WHAT THE TASK REQUIRES: Except for the pictures, write out all the records that follow exactly.

=-=-=-=-=

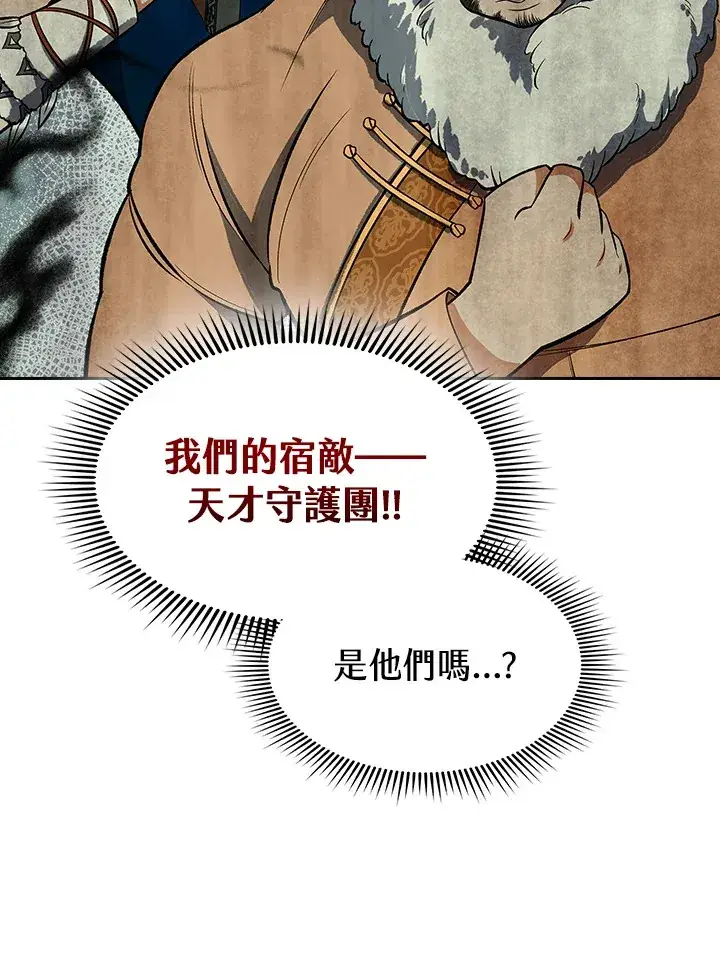 《风云客栈》第69话图99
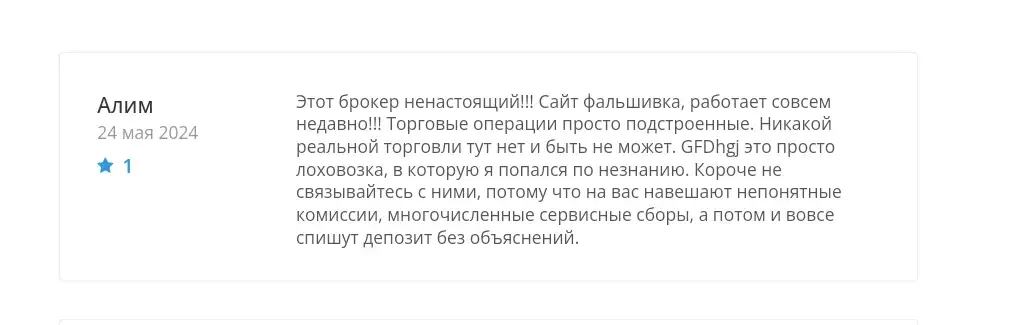 gfdhgj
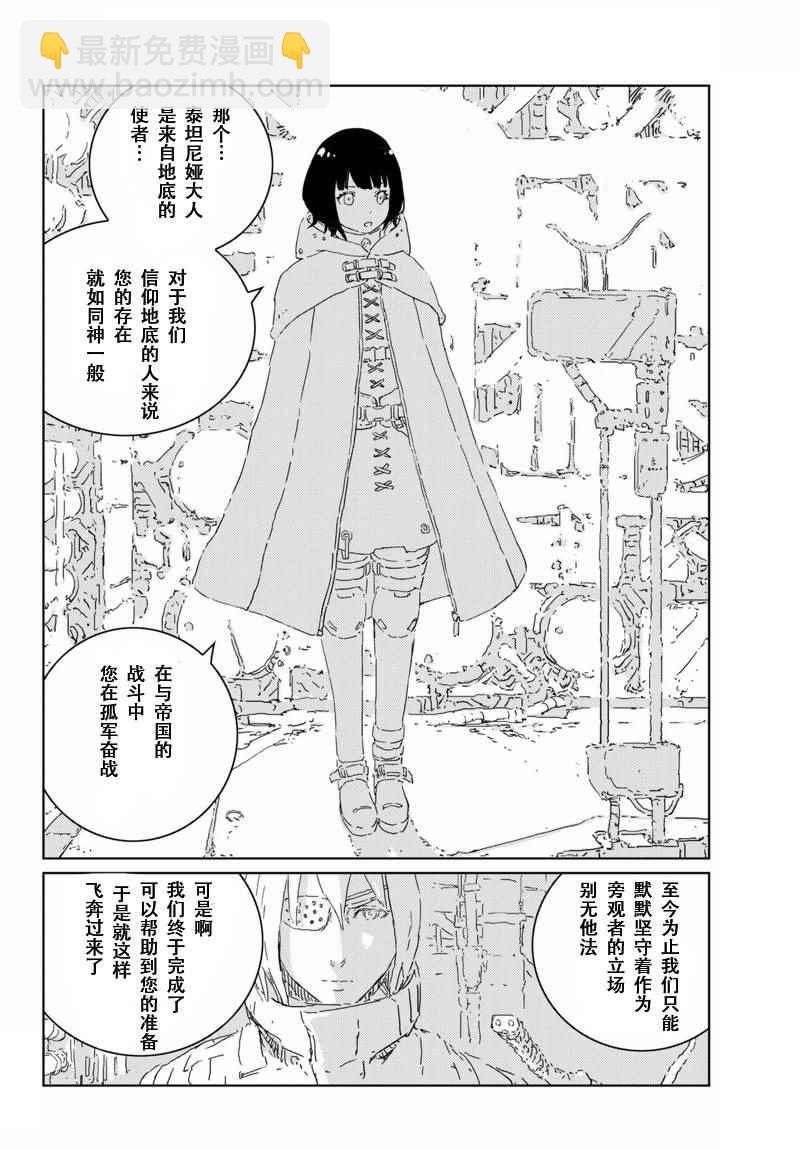 第6话5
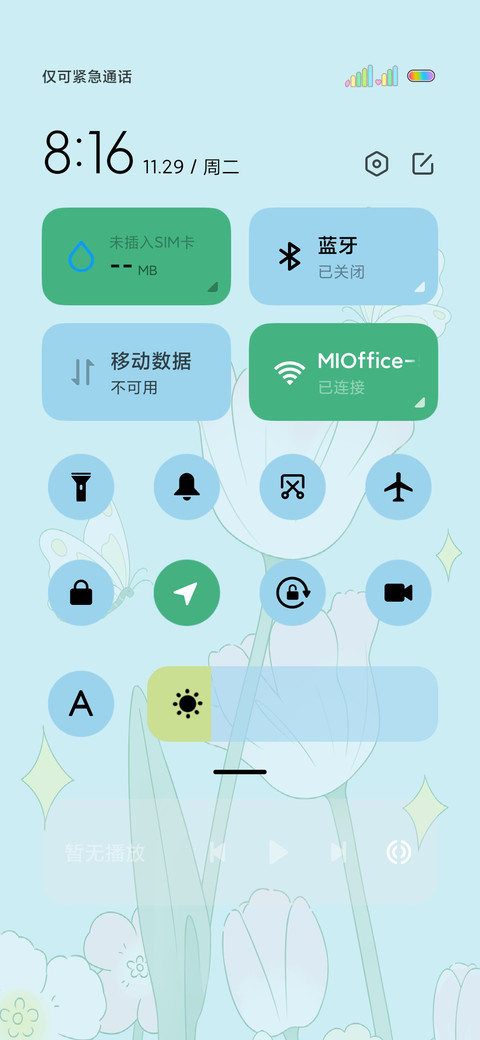 治愈系郁金香 screenshot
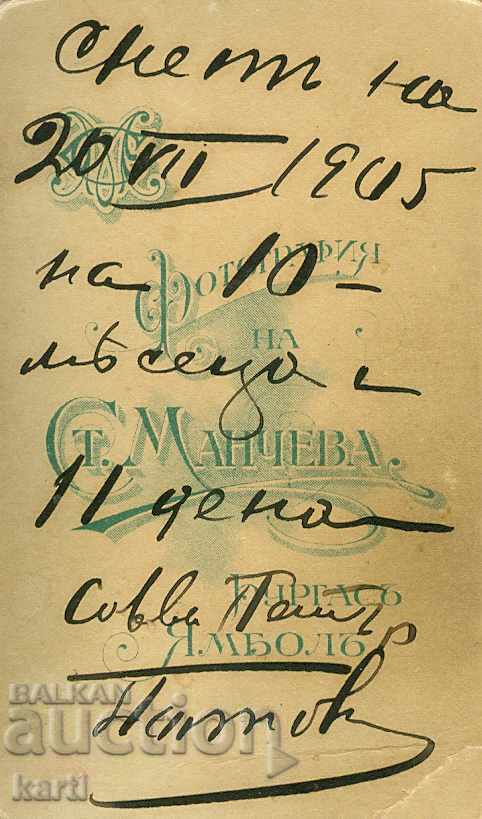 СТАРА ФОТОГРАФИЯ - КАРТОН - ФОТО МАНЧЕВА - БУРГАС - М1219 с цена 17.99 лв. | € 9.20 СТАРА ФОТОГРАФИЯ - КАРТОН - ФОТО МАНЧЕВА - БУРГАС - М1219 с цена 17.99 лв. | € 9.20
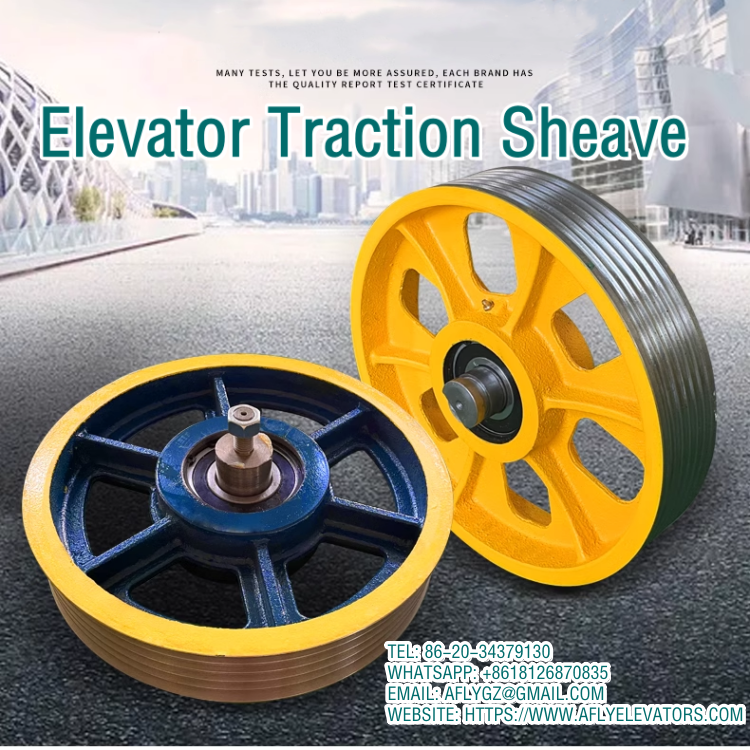 elevator traction sheave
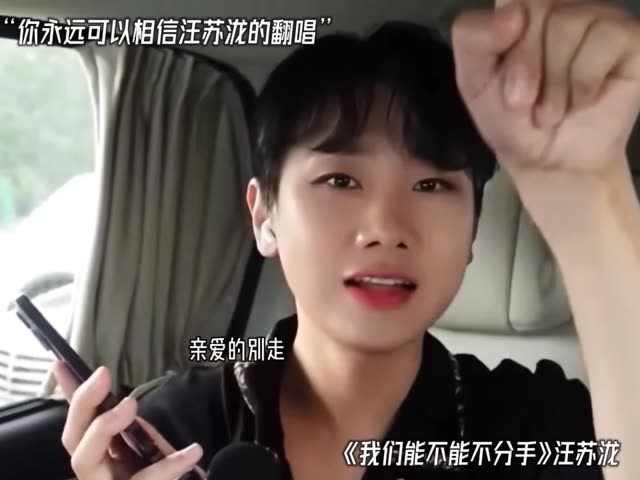 “我们能不能不分手 亲爱的别走”汪苏泷翻唱《我们能不能不分手》一开口就emo了.....哔哩哔哩bilibili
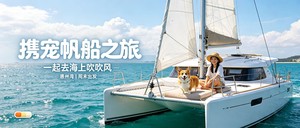 9.5日 ｜周六买一送一｜「携宠惠州帆船1日游」，带狗狗乘帆出海玩水+绿道骑行+沙滩玩耍！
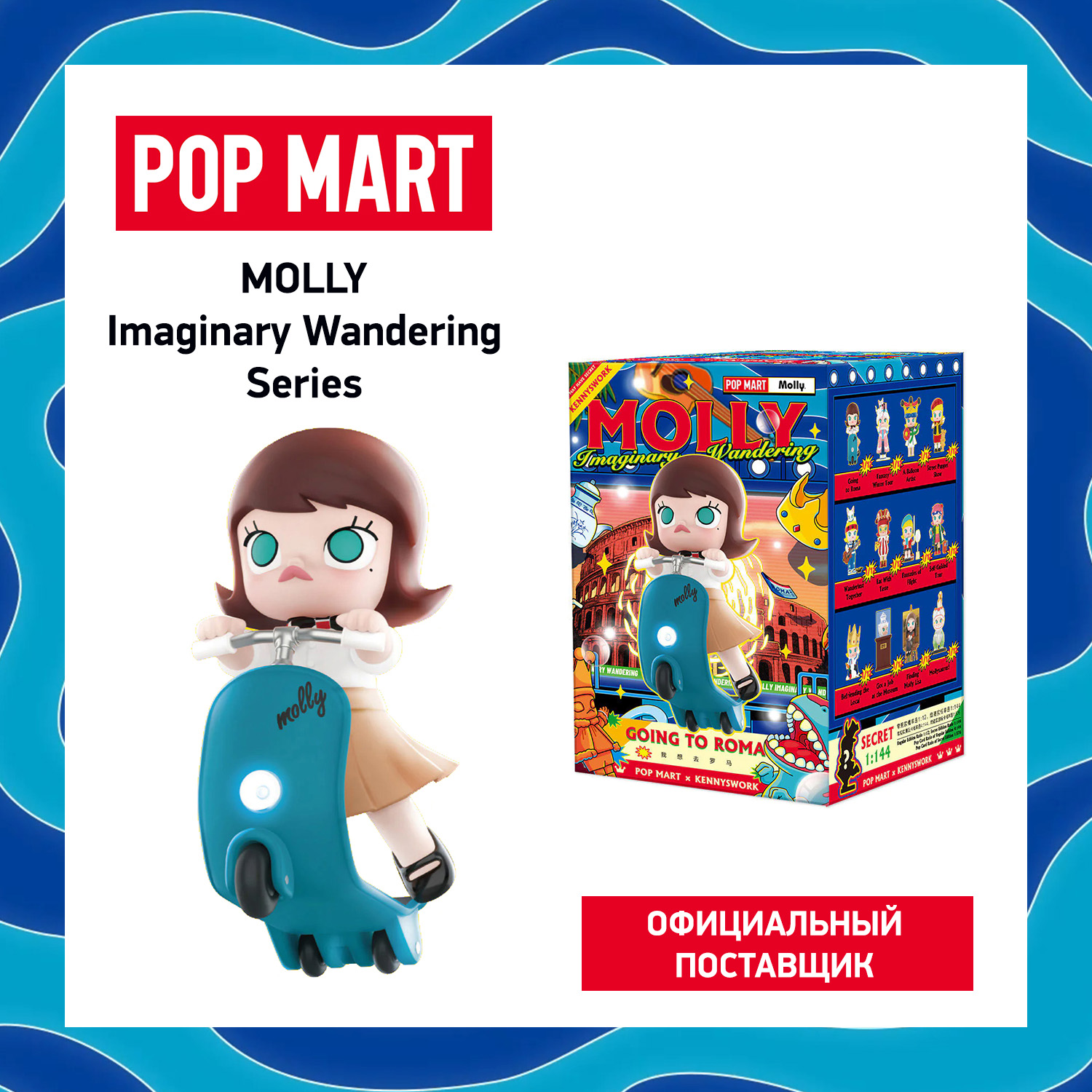 Коллекционная фигурка Pop Mart Molly Imaginary Wandering коллекционная фигурка pop mart duckyo friends wage earner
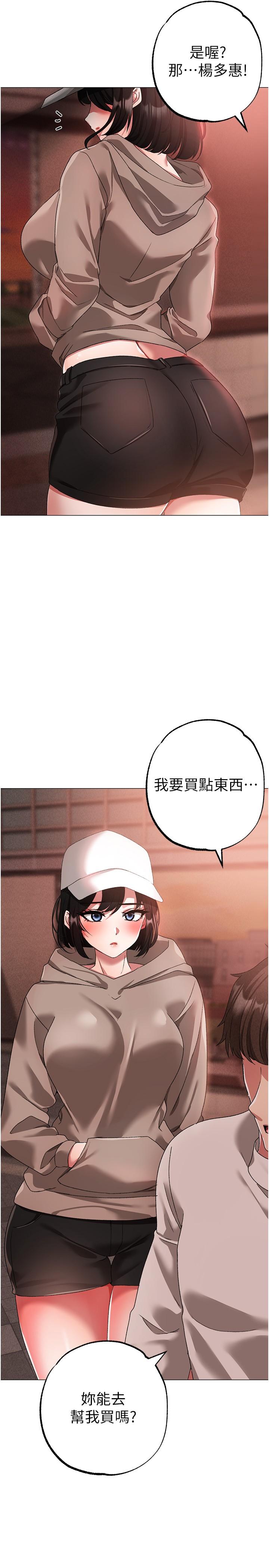 第17话-给富家千金完整性教育-↖㊣煞气a猛男㊣↘-Chanis（第19张）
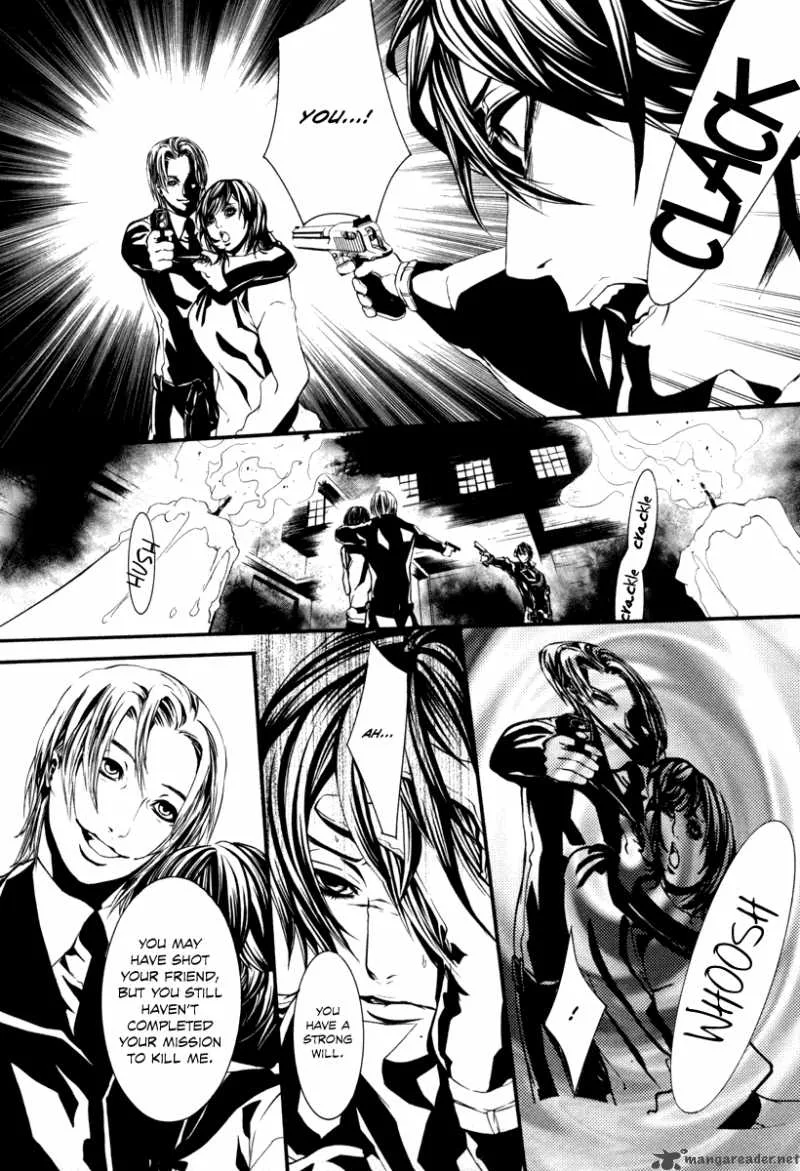 Dolls Chapter 39 page 7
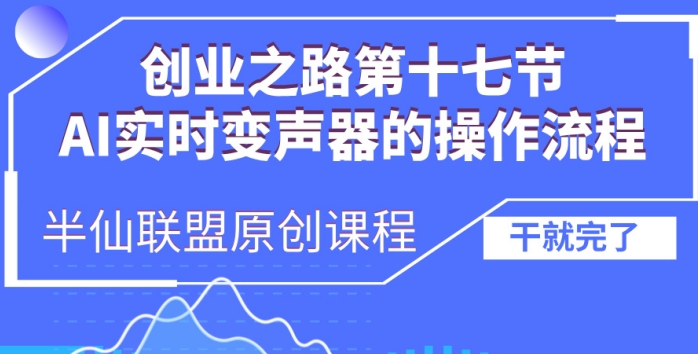 创业之路之AI实时变声器操作流程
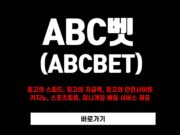 abc벳 abc벳 토토사이트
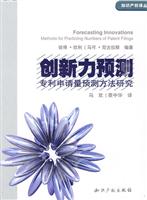 创新力预测.专利申请量预测方法研究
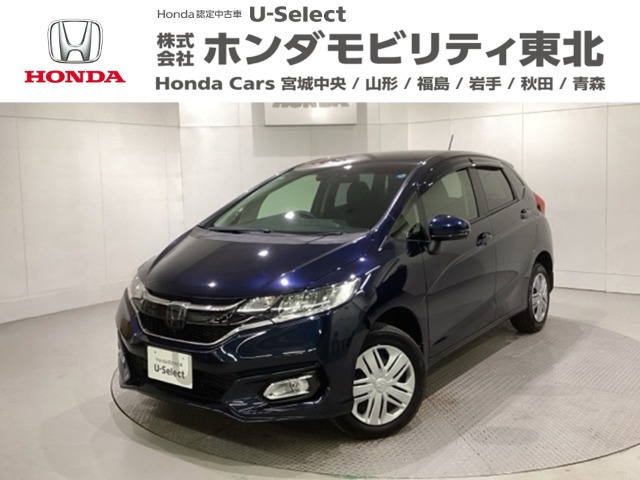 フィット 1.3 13G L ホンダセンシング 4WD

=-=-=-=-=

SOLUTION TO THIS PROBLEM:
 《风云客栈》第69话图99
 gfdhgj
 第6话5
 治愈系郁金香 screenshot
 СТАРА ФОТОГРАФИЯ - КАРТОН - ФОТО МАНЧЕВА - БУРГАС - М1219 с цена 17.99 лв. | € 9.20 СТАРА ФОТОГРАФИЯ - КАРТОН - ФОТО МАНЧЕВА - БУРГАС - М1219 с цена 17.99 лв. | € 9.20
 elevator traction sheave
 “我们能不能不分手 亲爱的别走”汪苏泷翻唱《我们能不能不分手》一开口就emo了.....哔哩哔哩bilibili
 9.5日 ｜周六买一送一｜「携宠惠州帆船1日游」，带狗狗乘帆出海玩水+绿道骑行+沙滩玩耍！
 Коллекционная фигурка Pop Mart Molly Imaginary Wandering коллекционная фигурка pop mart duckyo friends wage earner
 第17话-给富家千金完整性教育-↖㊣煞气a猛男㊣↘-Chanis（第19张）
 Dolls Chapter 39 page 7
 创业之路之AI实时变声器操作流程
 abc벳 abc벳 토토사이트
 创新力预测.专利申请量预测方法研究
 フィット 1.3 13G L ホンダセンシング 4WD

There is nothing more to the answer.